> [EXERCISE BRIEF]: The lines from the one containing "ba9476c0-4d1b-4887-a629-a8352db1278f. jpeg 5" through the last line below, both ends included, must be reproduced exactly, with no pictures.

(Scraped caption text data)
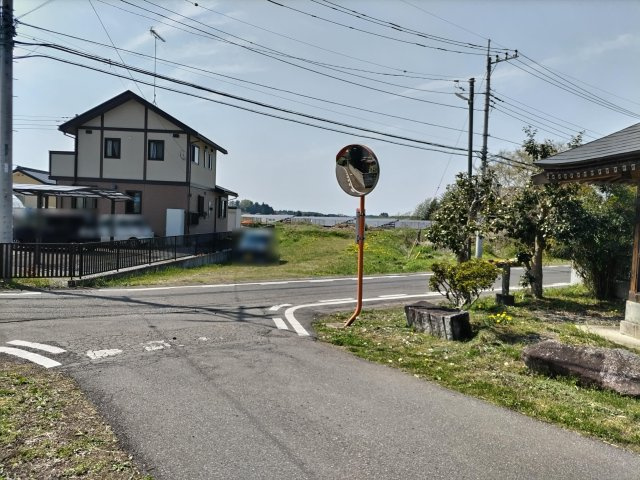 益子町大字七井（全部）の外観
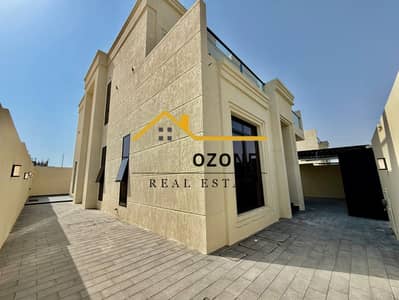 5 Bedroom Villa for Sale in Tilal City, Sharjah - ba9476c0-4d1b-4887-a629-a8352db1278f. jpeg 5 Bedroom Villa for Sale in Tilal City, Sharjah - ba9476c0-4d1b-4887-a629-a8352db1278f. jpeg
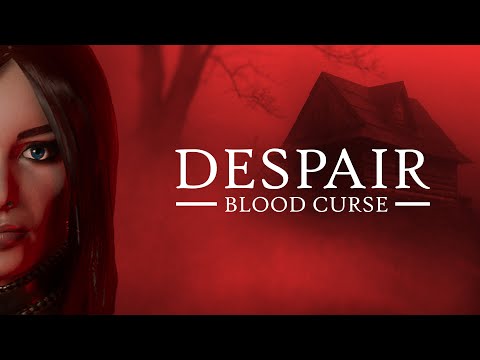 Видео: АННА В ОБИТЕЛИ ЗЛА - Despair: Blood Curse
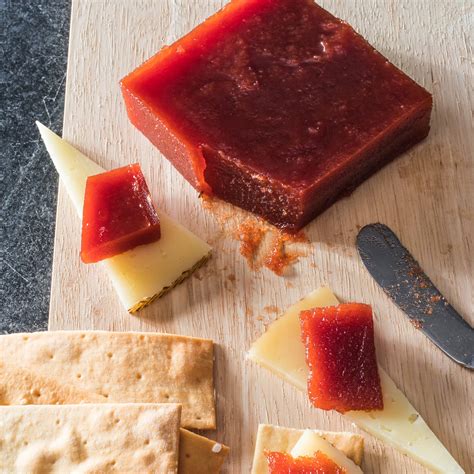 recipes quince paste 6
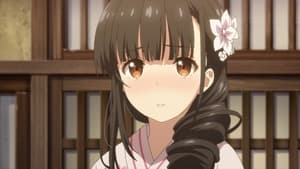 Mamahaha no Tsurego ga Motokano dattaMy Stepmom’s Daughter Is My Ex: Saison 1 Episode 12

> [ANSWER TO THIS PROBLEM]:
 5 Bedroom Villa for Sale in Tilal City, Sharjah - ba9476c0-4d1b-4887-a629-a8352db1278f. jpeg 5 Bedroom Villa for Sale in Tilal City, Sharjah - ba9476c0-4d1b-4887-a629-a8352db1278f. jpeg
 Видео: АННА В ОБИТЕЛИ ЗЛА - Despair: Blood Curse
 recipes quince paste 6
 Mamahaha no Tsurego ga Motokano dattaMy Stepmom’s Daughter Is My Ex: Saison 1 Episode 12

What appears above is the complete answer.